Search code examples
rfile-ioforeachmat-file

Problems reading MATLAB .mat files with a foreach loop in R


I have over a thousand matlab files that I want to read into R. I use the R.matlab package to read them and I would like to parallel the operation.

However, once I call the loop (I am generating a single data set from all the .mat files) I get an error:

Error in { : task 1 failed - "not possible to encounter function "readMat""

(I translated the part of the error between "", since my R is not in english)

without the foreach command, everything goes fine, but it takes too long. Here is the code

library(R.matlab)
library(plyr)
library(foreach)
library(doParallel)

a = list.files()
data <- readMat(a[1])

for(j in 2:length(a))  {

  data1 <- readMat(a[j])

  if (is.null(data1)==FALSE) {
      data <- rbind.fill(data,data1)
  }}
  print(j)
}

with the foreach command I get the above error.

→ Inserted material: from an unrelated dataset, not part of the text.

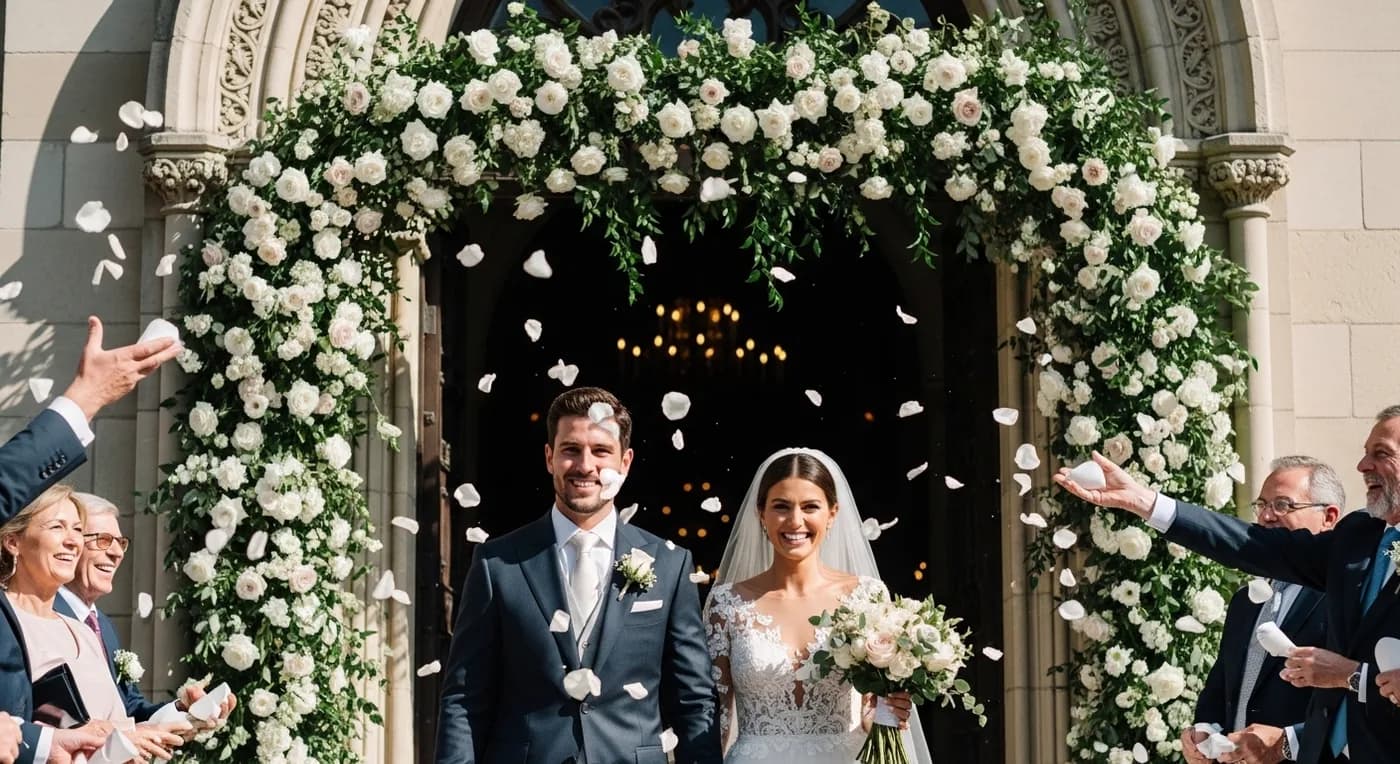 Bride in white wedding dress in a garden setting for Kerala Christian ceremony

Here is the code:

    library(R.matlab)
    library(plyr)
    library(foreach)
    library(doParallel)


cl<-makeCluster(8)
registerDoParallel(cl)

    a = list.files()
    data <- readMat(a[1])

    foreach(j = 2:length(a)) %dopar% {

      data1 <- readMat(a[j])

      if (is.null(data1)==FALSE) {
          data <- rbind.fill(data,data1)
      }}
      print(j)
    }

Does it mean foreach and readMat should not be used together?


Solution

  • Just if anyone is wondering, I forgot to export R.matlab to each cluster node. Just needed to add .packages argument inside the foreach call

    library(R.matlab)
    library(plyr)
    library(foreach)
    library(doParallel)
    
    
    cl<-makeCluster(8)
    registerDoParallel(cl)
    
    a    <- list.files()
    data <- readMat(a[1])
    
    foreach(j = 2:length(a), .packages = c("plyr", "doParallel",
                                           "R.matlab")) %dopar% {
    
      data1 <- readMat(a[j])
    
      if (!is.null(data1)) {
          data <- rbind.fill(data,data1)
      }
    
    }